Christian Jones

No. 72 – Chicago Bears
- Position: Offensive tackle
- Roster status: Practice squad

Personal information
- Born: May 12, 2000 (age 26) Houston, Texas, U.S.
- Listed height: 6 ft 5 in (1.96 m)
- Listed weight: 320 lb (145 kg)

Career information
- High school: Cypress Woods (TX)
- College: Texas (2018–2023)
- NFL draft: 2024: 5th round, 162nd overall pick

Career history
- Arizona Cardinals (2024–2025); Chicago Bears (2026–present)*;
- * Offseason or practice squad member only

Career NFL statistics as of 2025
- Games played: 4
- Games started: 1
- Stats at Pro Football Reference

= Christian Jones (offensive lineman) =

American football player (born 2000)

Christian Jones (born May 12, 2000) is an American professional football offensive tackle for the Chicago Bears of the National Football League (NFL). He played college football for the Texas Longhorns and was selected by the Arizona Cardinals in the fifth round of the 2024 NFL draft.

==Early life==
Born in Houston, Texas, Jones grew up playing soccer and did not try out football until his junior year at Cypress Woods High School. He started as a defensive end and posted 17 tackles in 2016, before also playing offensive lineman as a senior in 2017; he was team captain in his last year and was first-team all-district. A three-star recruit, he committed to play college football for the Texas Longhorns after having flipped from the SMU Mustangs.

==College career==
As a true freshman at Texas in 2018, Jones saw no playing time. He then played 13 games on special teams in 2019. He became a full-time starter in the 2020 season, starting all 10 games, including nine at right tackle and one at left tackle. In 2021, he started all 12 games. Jones then started all 13 games in the 2022 season and was named honorable mention All-Big 12 Conference after helping Bijan Robinson run for 1,580 yards and 18 touchdowns. He returned for a final season in 2023 and started all 13 games, being named honorable mention all-conference and second-team All-Texas by Dave Campbell's Texas Football. He ended his collegiate career with 61 games played, 48 as a starter, and was invited to the Senior Bowl.

==Professional career==

Pre-draft measurables
| Height | Weight | Arm length | Hand span | Wingspan | 40-yard dash | 10-yard split | 20-yard split | 20-yard shuttle | Three-cone drill | Bench press |
| 6 ft 5+1⁄4 in (1.96 m) | 305 lb (138 kg) | 34+1⁄2 in (0.88 m) | 10+5⁄8 in (0.27 m) | 6 ft 11+5⁄8 in (2.12 m) | 5.04 s | 1.78 s | 2.94 s | 4.75 s | 8.00 s | 20 reps |
All values from NFL Combine/Pro Day

=== Arizona Cardinals ===
Jones was selected 162nd overall by the Arizona Cardinals in the fifth round of the 2024 NFL draft. He was placed on injured reserve on August 27, 2024 with an ankle injury. He was activated on October 23.

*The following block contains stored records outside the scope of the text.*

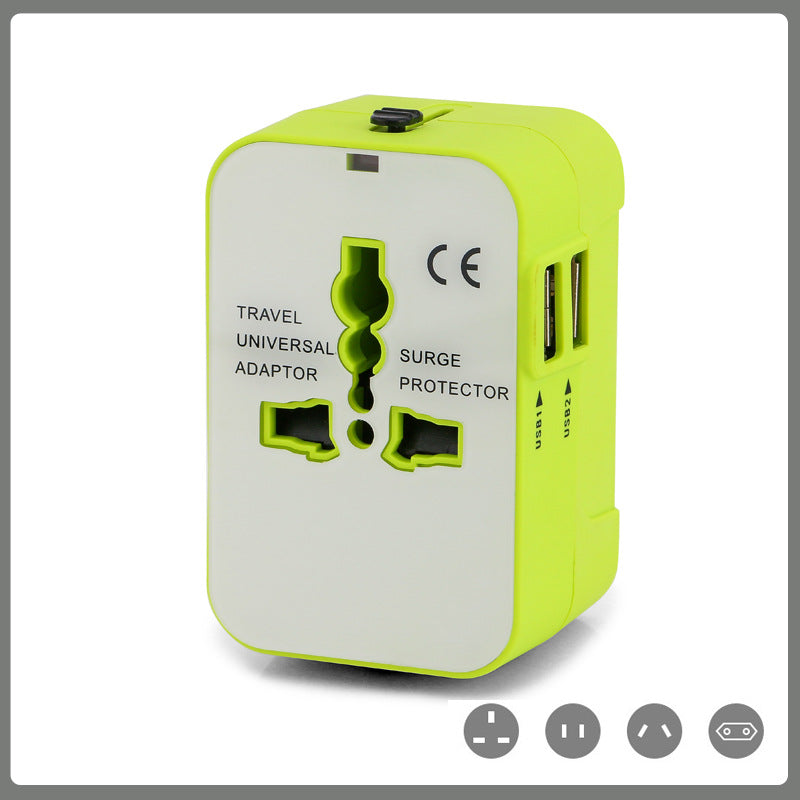Universal Conversion Travel Plug with USB – image 5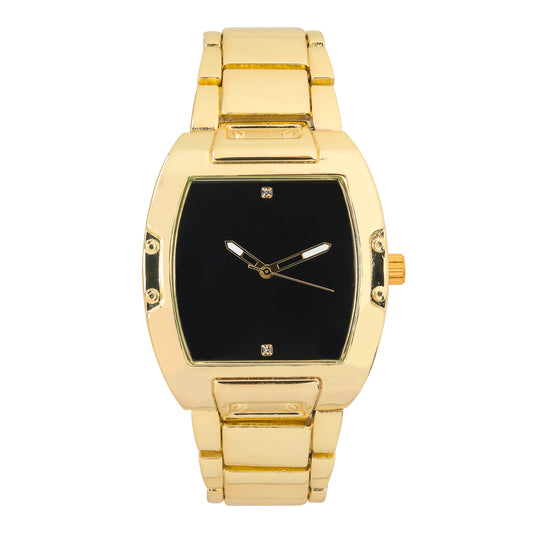 Classic Metal Band Watch - 10017-MB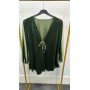 KIMONO CORTO LAZADA VERDE SECO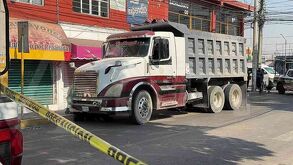 Accidente Vía López Portillo en Ecatepec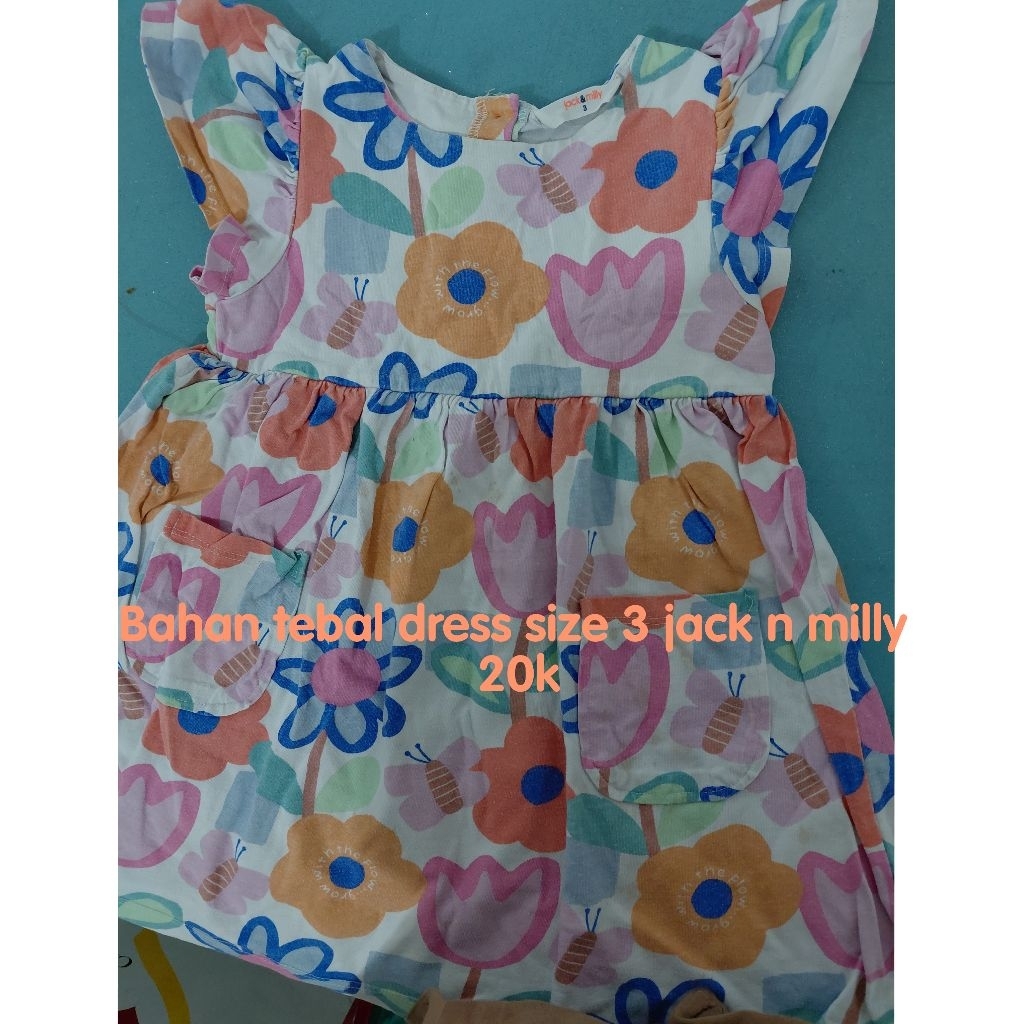 Preloved Dress Anak jack n milly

Jones was placed on injured reserve on August 26, 2025 after suffering a knee injury in the preseason. He was activated on December 13, ahead of the team's Week 15 matchup against the Houston Texans.

On August 30, 2026, Jones was waived as part of final roster cuts.

=== Chicago Bears ===
On August 31, 2026, Jones was signed to the Chicago Bears practice squad.